I watch him wander into the tangled garden of his imagination and take corners I can’t see. I tiptoe to the edge and consider joining him there. Does he need the company of others, of playmates, of me? My only child turns away and blazes a trail alone among his hedgerows. Is it labyrinth or maze? He is not reluctant to find his own way in. I wonder what, if anything, compels him to follow the thread back out again.
 
Bug's Drawing of a Flower and a Watering Can
 
Returning home at the end of day, we trip our way to bed after fighting over dishes, teeth, bath. It is time to surrender to routine. Both of us need to waltz our way back to a rocking gait that smooths the friction at the edges where we meet. Three books. Three songs. Every night for six years.
 
He has a fairy blanket on the bed. It is the last vestige. He keeps it close even in the August swelter. With Tinkerbell bunched at our feet, we read Zen Shorts for the 400th time.
 
“Mommy, why is this book called that?”
 
“Well, the three stories Stillwater tells all come from Zen. And they’re all short.”
 
“What’s Zen?”
 
Oh geez. 
 
I guess it’s a way of living. It’s very old. Thousands of years, maybe? It has to do with making quiet places inside your mind and body.”
 
He twists away from me. Restless, ever moving. He is all proboscis and fire ant. A cement mixer. A quicksand man.
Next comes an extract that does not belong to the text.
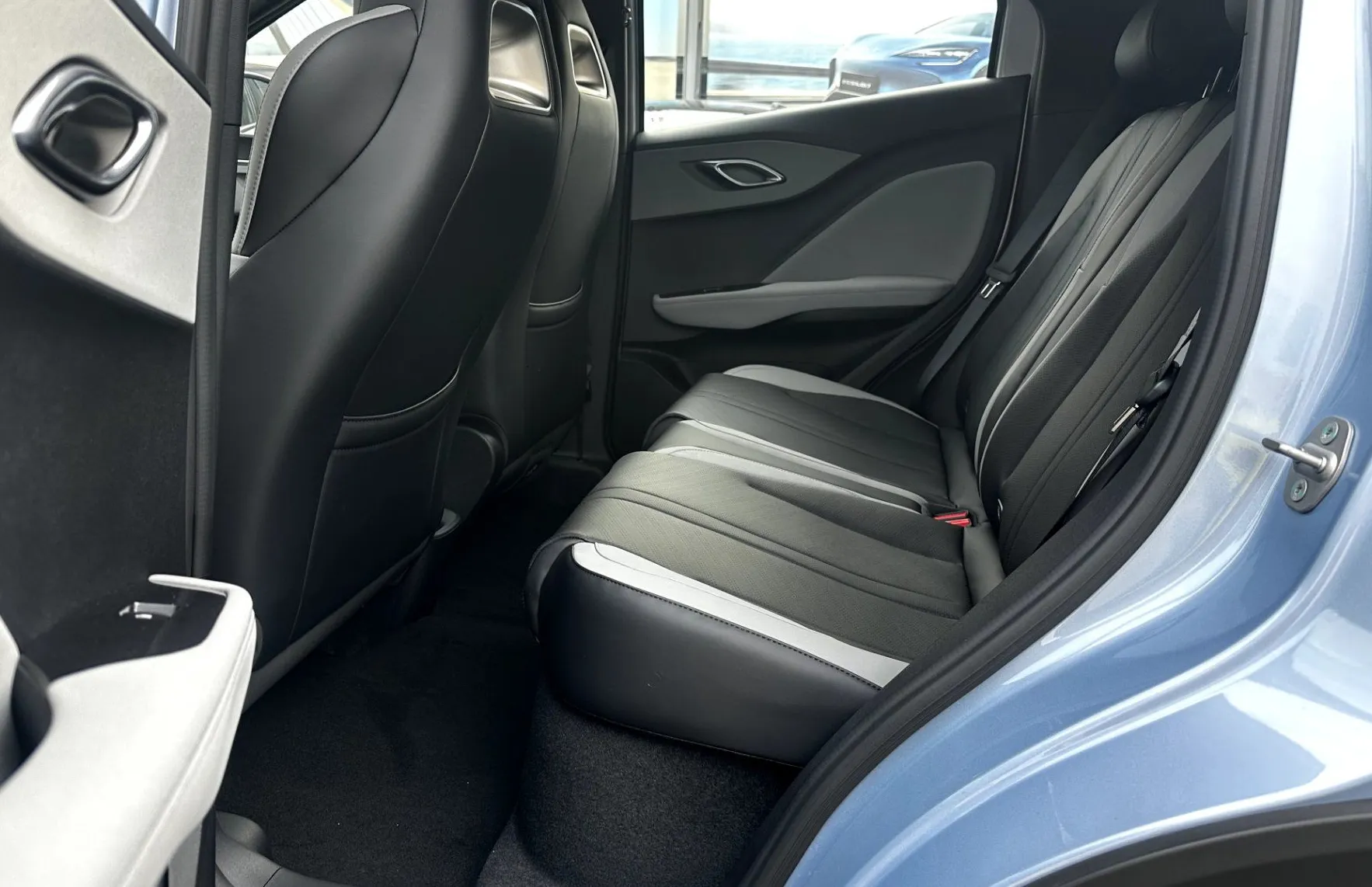 Zunanja slika - BYD DOLPHIN SURF - BOOST 43.2 kWh 65 kW - 10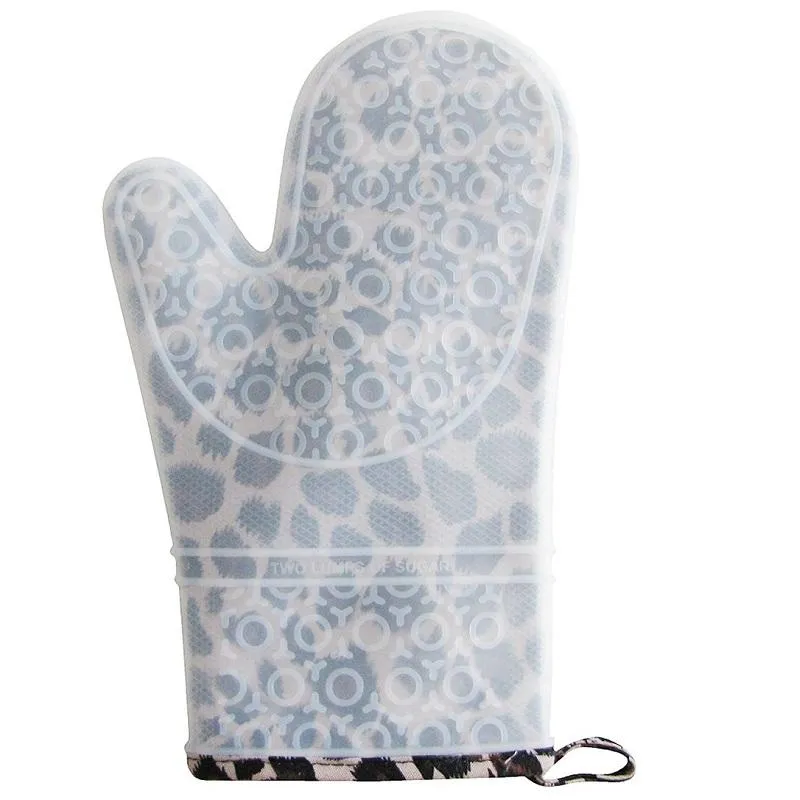 Two Lumps of Sugar Cheetah Silicone Mitt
I have had to learn to test my footing before every step. “You know how we talk about breathing when you’re wound up? Or when I heat up? Zen is about getting still. Like Stillwater in the book. Then you can accept things without needing them to be different.”
 
Zen Cliff’s Notes. Am I close? He’s humming and tapping his fingers in a pattern along the wall. I touch the edge of his leg just enough to make contact but not enough to capture his attention and raise his inevitable ire. “Even when there’s craziness all around you, even if a robber comes into your house or people say mean things, you stay peaceful inside yourself.”
 
“Yeah, yeah. Okay, okay.”
 
“It’s not just for kids,” I tell him. “Here.” I get up and go find the book of Zen poems a friend gave me back when time to play with meditation was there for the taking. Or rather, when we chose to see abundance in a clock face rather than just its pinching glare.
 
I open to Ryokan.
 

Here are the ruins of the cottage where I once hid myself.

 
“Okay, whatever. That’s enough,” he tells me. The gold ribbon marking the page hides down in the spine. He pulls it away and trails it down over the back. “Now you’ve lost your place,” he tells me.
 
“Good,” I say. “I was hoping for that. Now I can start at the next place.” I leave the ribbon free and close the cover. The cottage is far behind me. I am alone on my unmarked path but also tangled at the root with a boy whose opening is his own to burn or tend.
 
“Are you mad?” His grin crouches in the dry weeds. His eyes cut a path to me. He is ready to pounce.
 
“No, baby. I’m nowhere close to mad. I’m happy to be here with you, exactly like this.” I set the poems on the floor and open my voice for the first song.